[Image-caption web data]

------------------------------

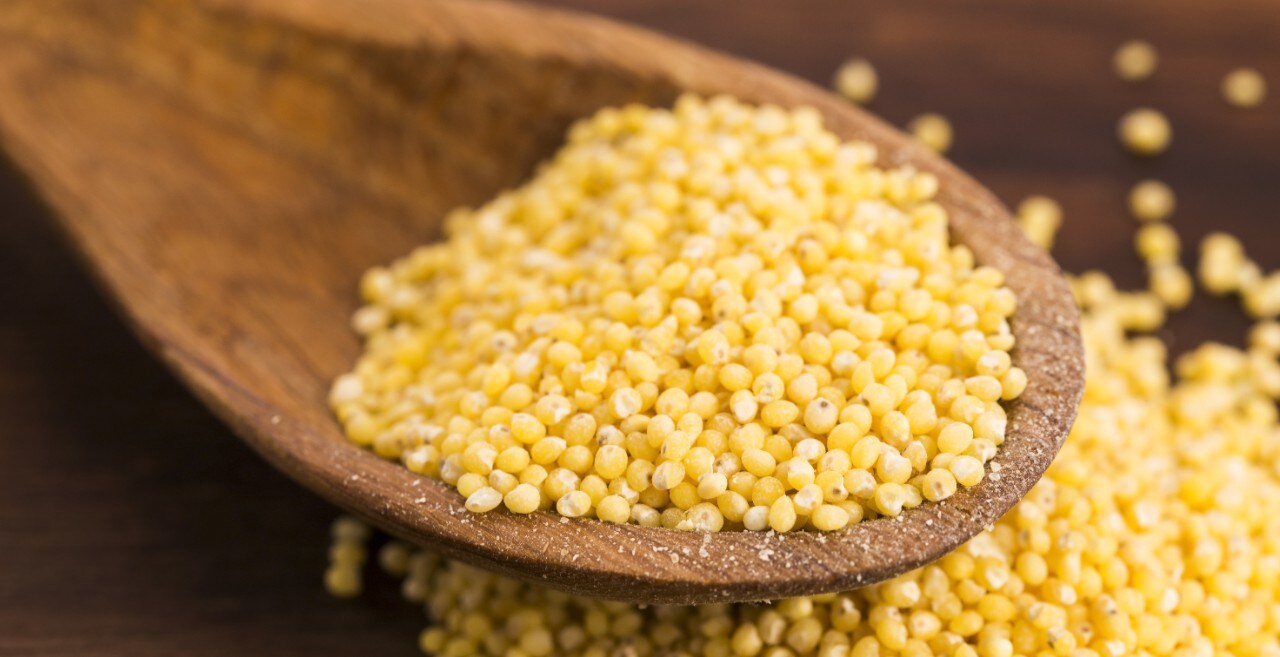 Злаки, які вирощували наші предки, повертаються до нашого столу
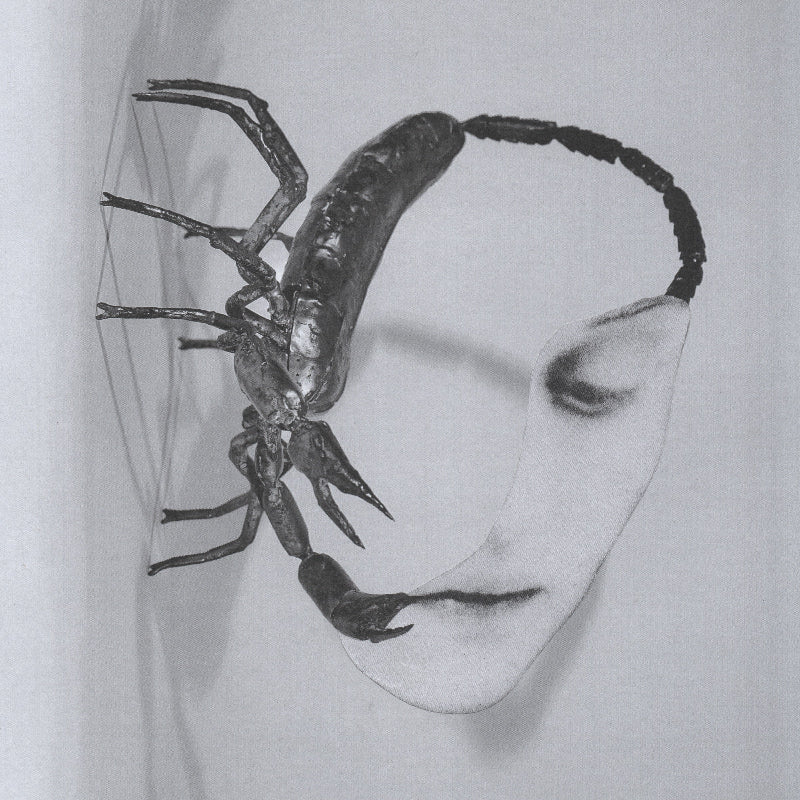 Tortoise - Touch vinyl LP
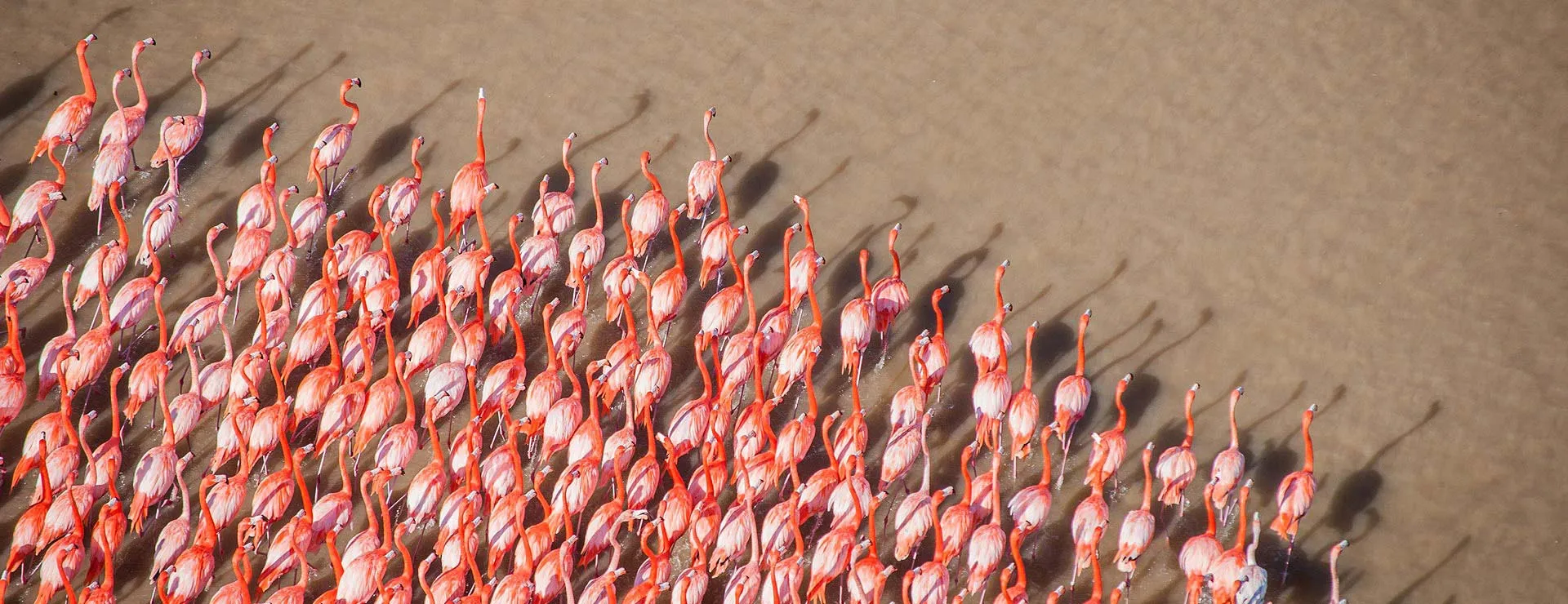 Reservas Ecológicas de Yucatán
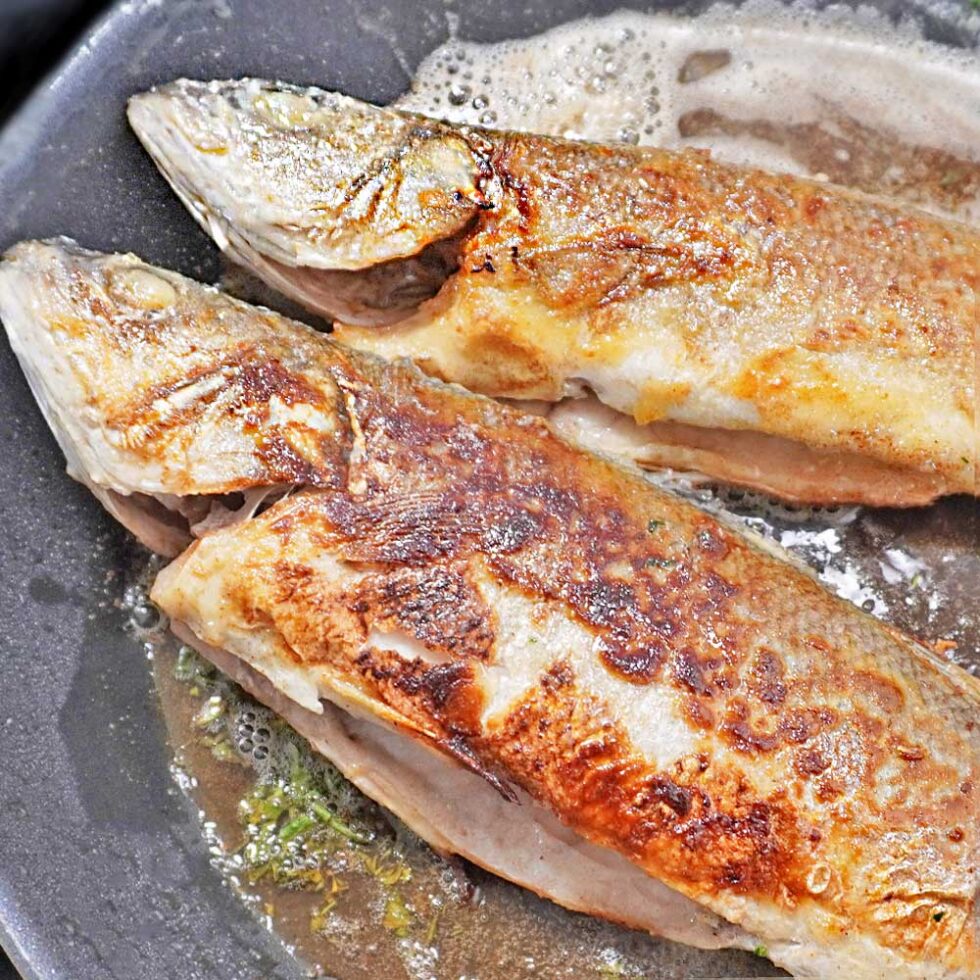 Wolfsbarsch Rezept - in der Pfanne zubereiten - Kochen mit Moki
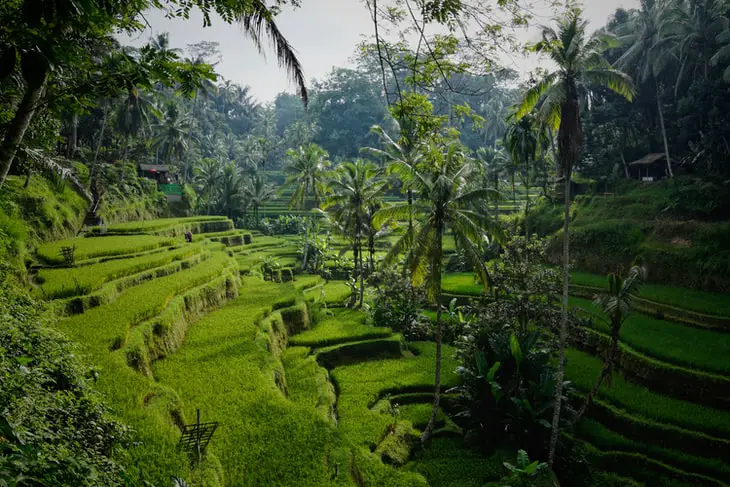 Remote work in Bali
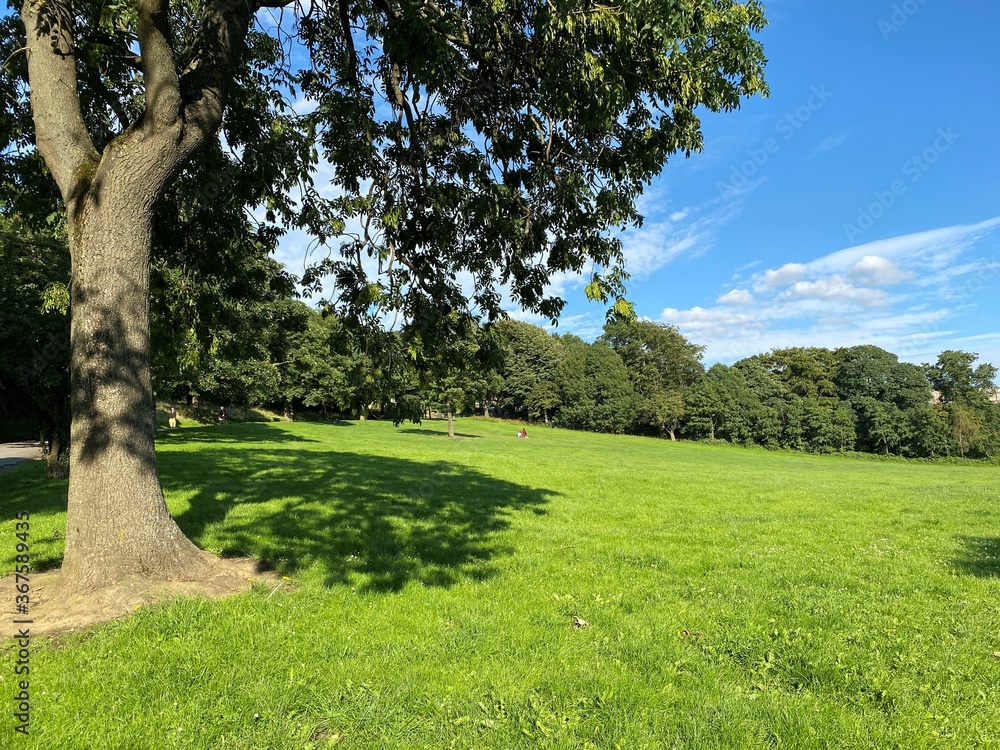 Landscape view, of an extensive meadow, with trees in the distance, in a public park, in the north of, Bradford, Yorkshire, UK Landscape view, of an extensive meadow, with trees in the distance, in a public park, in the north of, Bradford, Yorkshire, UK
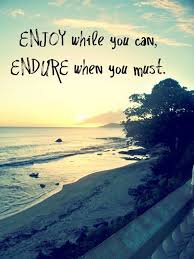Enjoy while you can, Endure when you must | These Words ... via Relatably.com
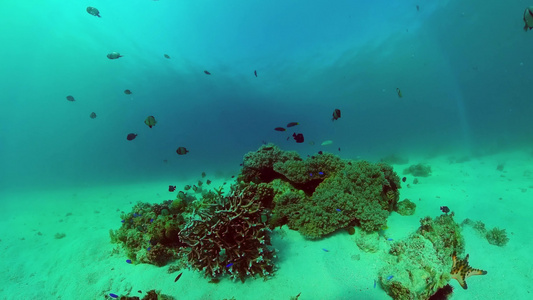 珊瑚礁和热带鱼类潘格莱奥菲利平鱼视频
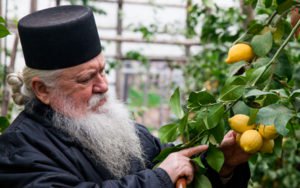 Η νηστίσιμη μαγειρική του Αγίου Όρους - Πληθωρική, πολυσυλλεκτική, λιτή και με ξεκάθαρη μεσογειακή ταυτότητα - Φωτογραφία 4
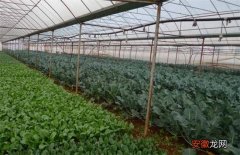 【蔬菜】大棚蔬菜种植技术管理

------------------------------

- _Problem description_: Give again exactly the lines from the one holding "Tortoise - Touch vinyl LP" to the final line of the records, both ends included; any pictures stay out.

- _Solution_:
 Tortoise - Touch vinyl LP
 Reservas Ecológicas de Yucatán
 Wolfsbarsch Rezept - in der Pfanne zubereiten - Kochen mit Moki
 Remote work in Bali
 Landscape view, of an extensive meadow, with trees in the distance, in a public park, in the north of, Bradford, Yorkshire, UK Landscape view, of an extensive meadow, with trees in the distance, in a public park, in the north of, Bradford, Yorkshire, UK
Enjoy while you can, Endure when you must | These Words ... via Relatably.com
 珊瑚礁和热带鱼类潘格莱奥菲利平鱼视频
 Η νηστίσιμη μαγειρική του Αγίου Όρους - Πληθωρική, πολυσυλλεκτική, λιτή και με ξεκάθαρη μεσογειακή ταυτότητα - Φωτογραφία 4
 【蔬菜】大棚蔬菜种植技术管理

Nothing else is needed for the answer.